Posted Jan 21, 2016 by Martin Armstrong
We will post a 35-minute video update to the World Economic forum (see “Helpful Video” thread) that will cover key markets.
We have warned that January looked like a correction all around. Wall Street rallied after a hesitant start on Thursday as oil prices led the way after surging with a big gain. ECB President Mario Draghi raised hopes of further stimulus, which has done nothing anyhow. This is becoming like a person who gets married for the fifth time expecting ever-lasting love — the ultimate triumph of hope over experience.
Nevertheless, our models on oil were reaching critical major support for the year. The oscillators (stochastic) were also at extreme lows. Our Global Market Watch warned of a Waterfall the week of January 11. This global model will be available on the Trader version of Socrates. The Investor version is gear to long-term investors and the Global Market Watch will appear for the monthly to yearly levels, limited to the region of the subscription.

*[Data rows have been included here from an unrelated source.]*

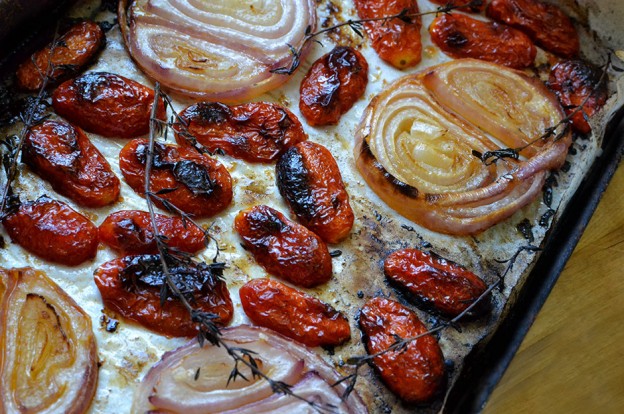 עגבניות שרי ובצל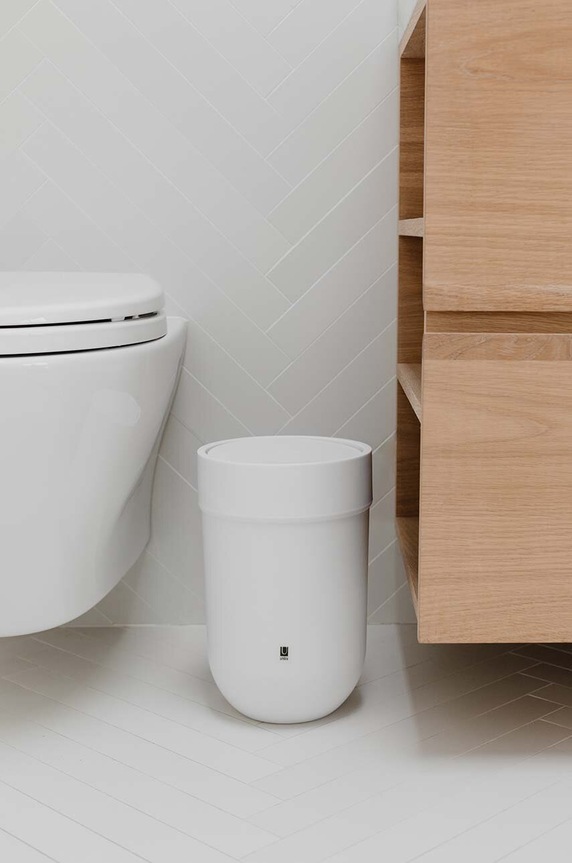 Koš za smeće Umbra Touch Trash Can 6 L bijela 023269.660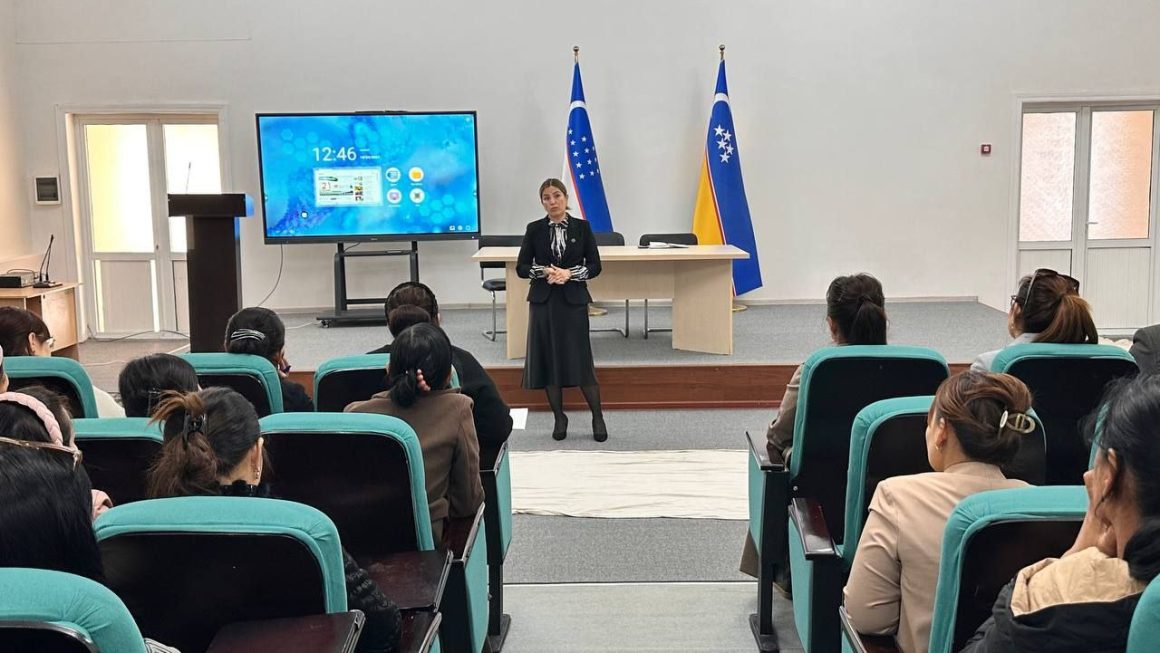 Úzliksiz kásiplik rawajlandırıw baǵdarındaǵı normativ-huqıqıy hújjetler mazmunı túsindirildi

This is beyond artificial intelligence — this is a full-blown machine learning model since it does everything on its own. Socrates is monitoring patterns of everything globally while differentiating the slightest divergences among markets. I personally believe that this model will ultimately prove to be the end of human analysis since it does what it would take an army of analysts to do, and even then someone would still have to merge at the top all the analyses from individual markets. That seems to be beyond human ability.
The Global Market Watch on the Dow picked the May high last year and the key low at 15370 on the monthly model, but the last month is DYNAMIC so that comment will change as the final period unfolds. Once complete it no longer changes. So as of last week, the monthly level warned of new lows under 15842.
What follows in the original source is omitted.